/laravel-api-crawler

WIP: A crawler that accesses pages directly using the the HTTP Kernel

Primary LanguagePHP

Laravel Kernel Crawler

This package gives you a local site crawler based on a Laravel LazyCollection. Each request goes directly through the local HTTPKernel, so it doesn't generate web server requests.

2 examples of you might need this is for warming your site's cache, and generating a sitemap. This package offers commands for both of these.

It's currently compatible with Laravel 8.0+

Installation

Installation instructions coming once this package is on Packagist.
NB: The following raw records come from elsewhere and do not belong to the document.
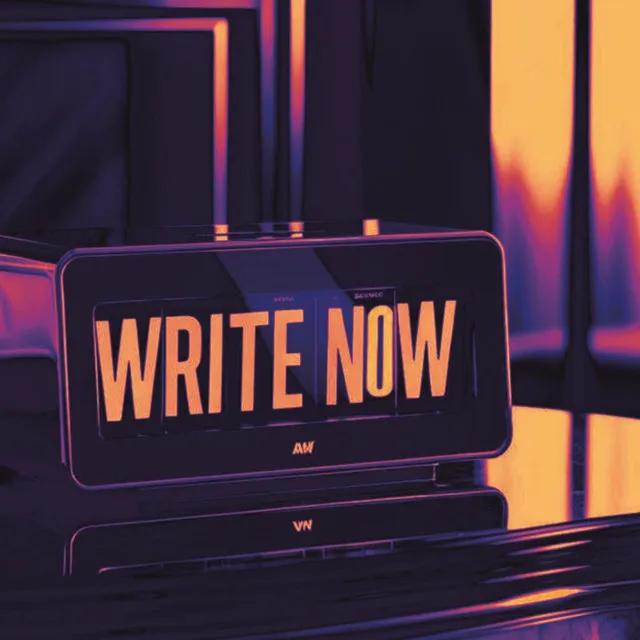 Write Now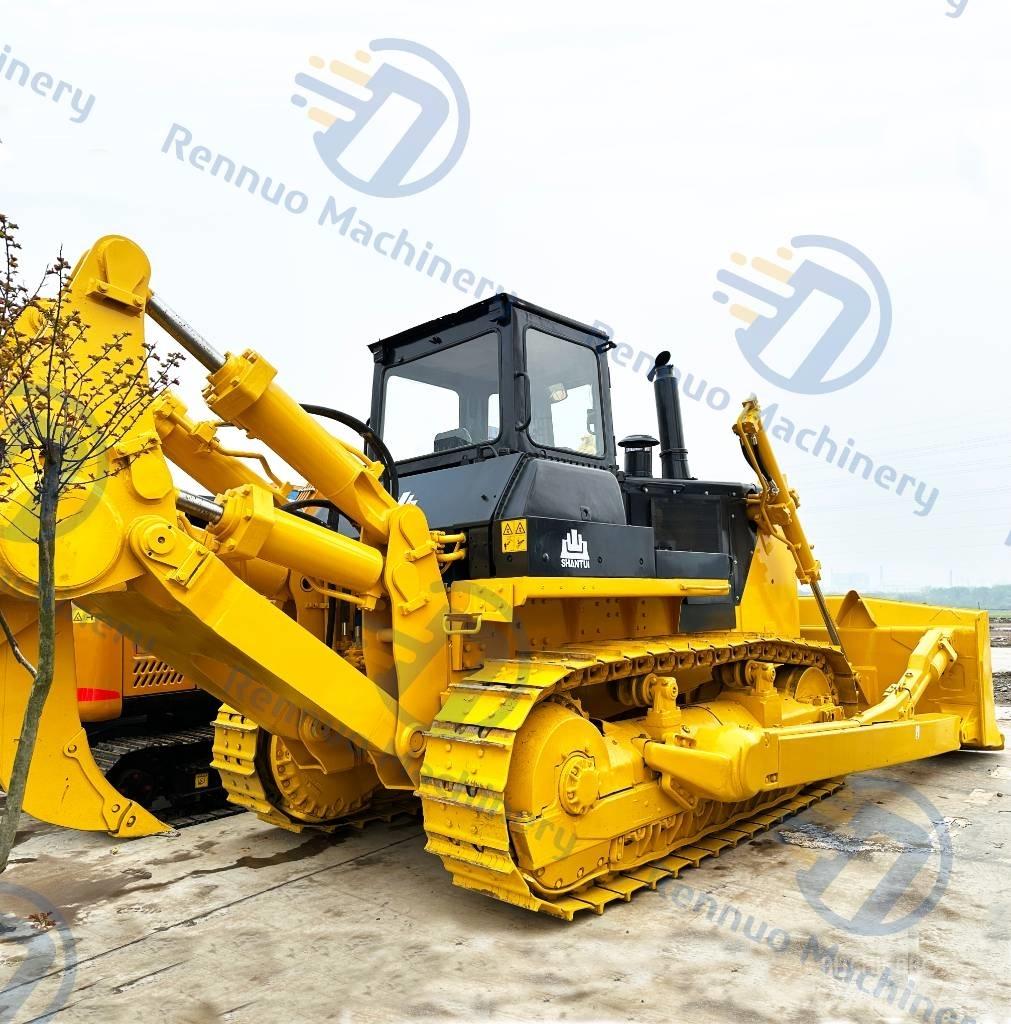 Shantui SD 32 lánctalpas dózerek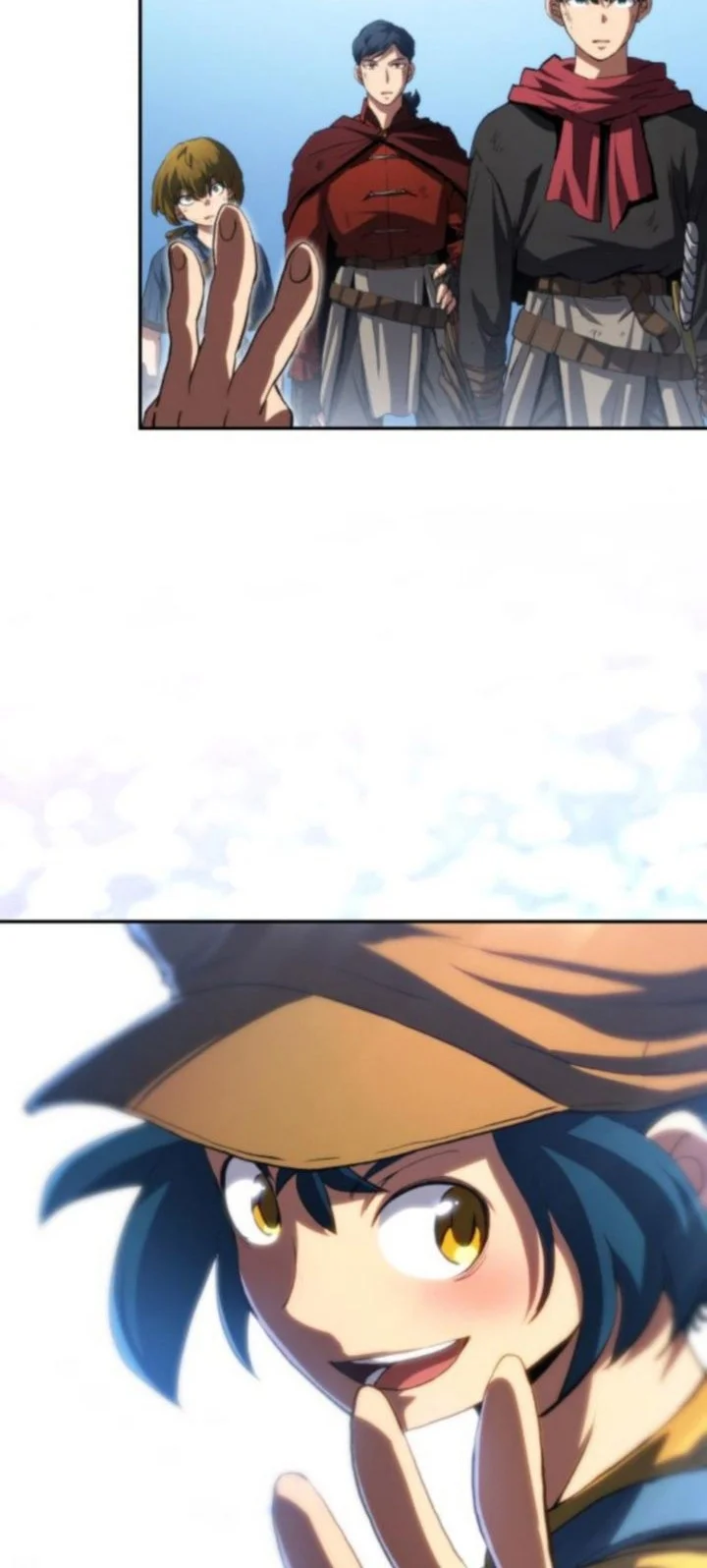 Wild Ranker Chapter 24 Gambar 4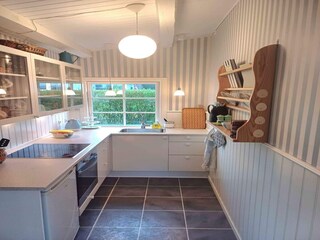 Vakantiehuis Karrebæksminde  15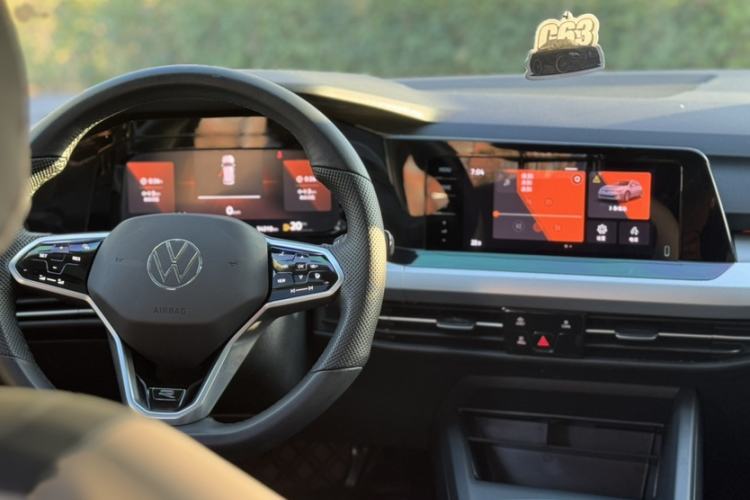 Used Volkswagen Golf 2021 280TSI DSG Pro
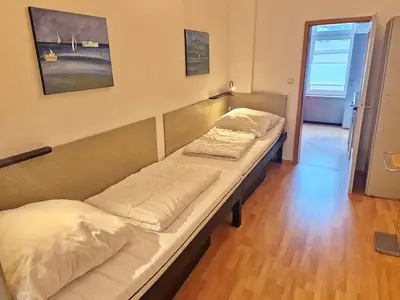 Ferienwohnung für 2 Personen (40 m²) in Wismar 5/10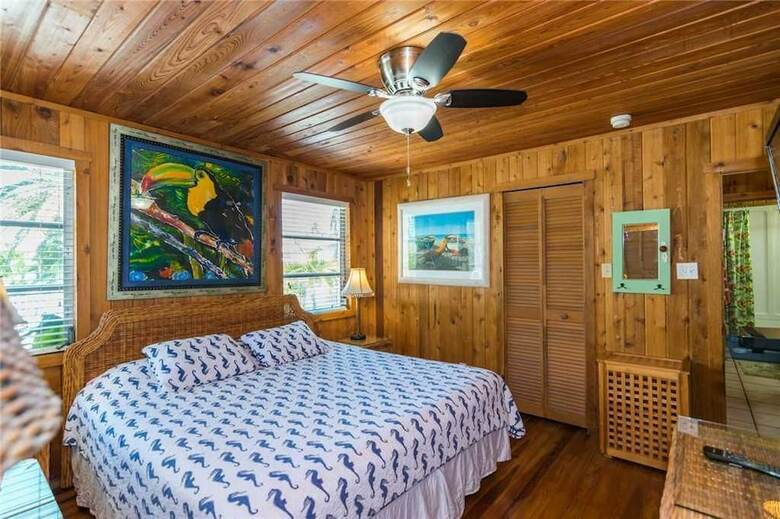 Anna Cabana Beach House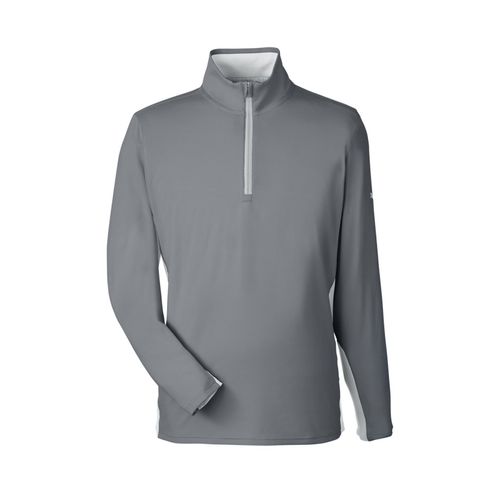 Men's Puma 1/4-Zip Pullover image thumbnail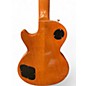 Used Gibson Les Paul Traditional Gold Top Solid Body Electric Guitar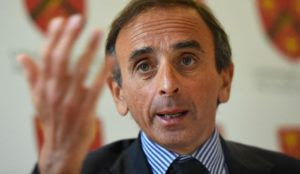 France: The Rise of Eric Zemmour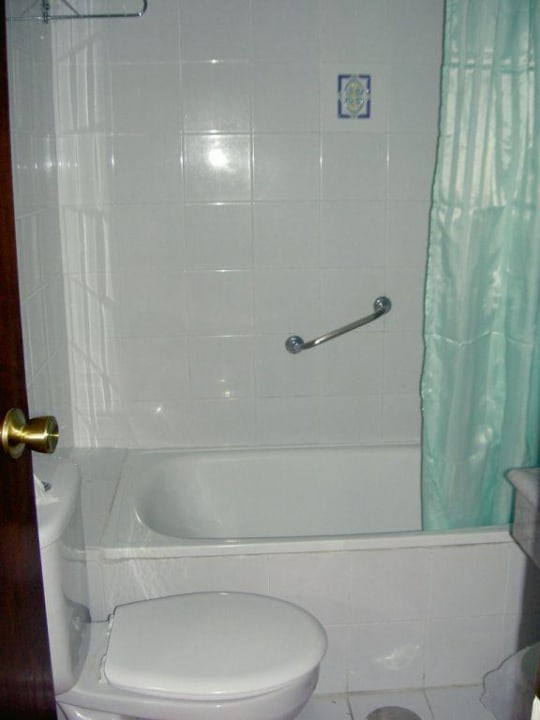 Bad3 Hotel Europalace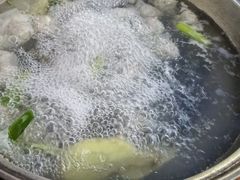 -章记正宗南岗鱼蛋火锅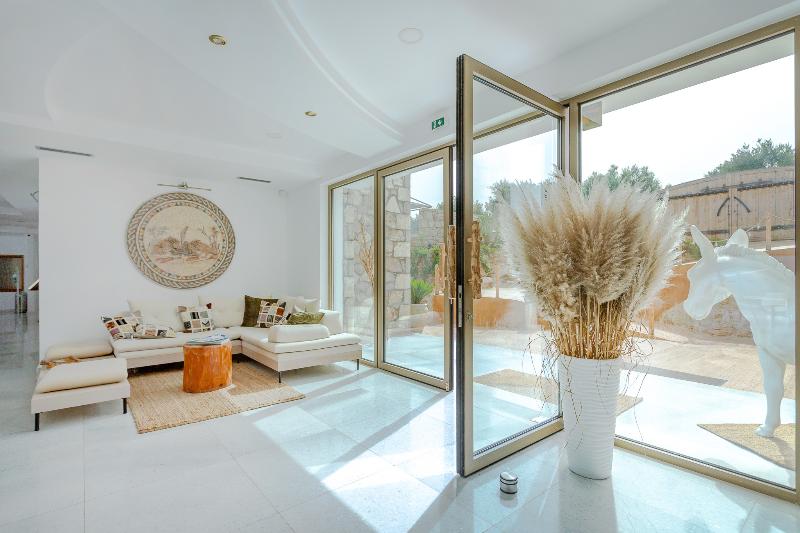 酒店 White Donkey Boutique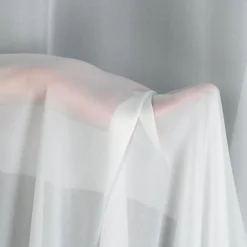 Firana do salonu biała VENUS 300x250 cm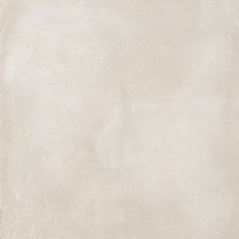 EBS Cruda dlažba 60x60 bianco matná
To publish the configuration files, use:

php artisan vendor:publish --provider="SiteOrigin\APICrawler\CrawlerServiceProvider" --tag="config"

Usage

Here's a very basic use example:

use SiteOrigin\APICrawler\Crawler;
use SiteOrigin\APICrawler\Exchange;


$crawler = new Crawler();
$crawler->each(function(Exchange $ex){
	// $ex->request is an Illuminate\Http\Request object
	$ex->request->url();
	// $ex->response is an Illuminate\Http\Response object
	$ex->response->getContent()
});

After creating a Crawler, you can use all of the Laravel LazyCollection functions. This offers a collection of Exchange objects.

Warming Cache

If all you need to do is generate dummy requests to each public URL on your site, then you can use php arisan crawler:start. This is useful if you want to warm the cache for all public URLs on your site.

Generating a Sitemap

This package offers the command php artisan crawler:sitemap to generate the sitemap. You can configure your sitemap using the crawler.php configuration file. See the Installation section for instructions on publishing this config file.